- _Task instructions_: Nothing past the line containing "Chrysler Pacifica 2020" belongs in the output. Copy exactly every line of the data below from the first up to and including it.

- _Extracted data entries_:
════

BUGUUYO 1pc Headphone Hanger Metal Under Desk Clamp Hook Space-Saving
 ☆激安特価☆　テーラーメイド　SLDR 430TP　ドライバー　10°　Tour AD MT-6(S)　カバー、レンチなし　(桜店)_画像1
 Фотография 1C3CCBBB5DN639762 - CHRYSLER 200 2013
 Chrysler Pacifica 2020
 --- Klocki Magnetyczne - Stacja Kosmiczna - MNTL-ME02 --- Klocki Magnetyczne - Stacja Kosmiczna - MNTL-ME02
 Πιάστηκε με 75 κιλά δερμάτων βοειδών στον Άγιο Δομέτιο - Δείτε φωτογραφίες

════

- _Exercise output_:
BUGUUYO 1pc Headphone Hanger Metal Under Desk Clamp Hook Space-Saving
 ☆激安特価☆　テーラーメイド　SLDR 430TP　ドライバー　10°　Tour AD MT-6(S)　カバー、レンチなし　(桜店)_画像1
 Фотография 1C3CCBBB5DN639762 - CHRYSLER 200 2013
 Chrysler Pacifica 2020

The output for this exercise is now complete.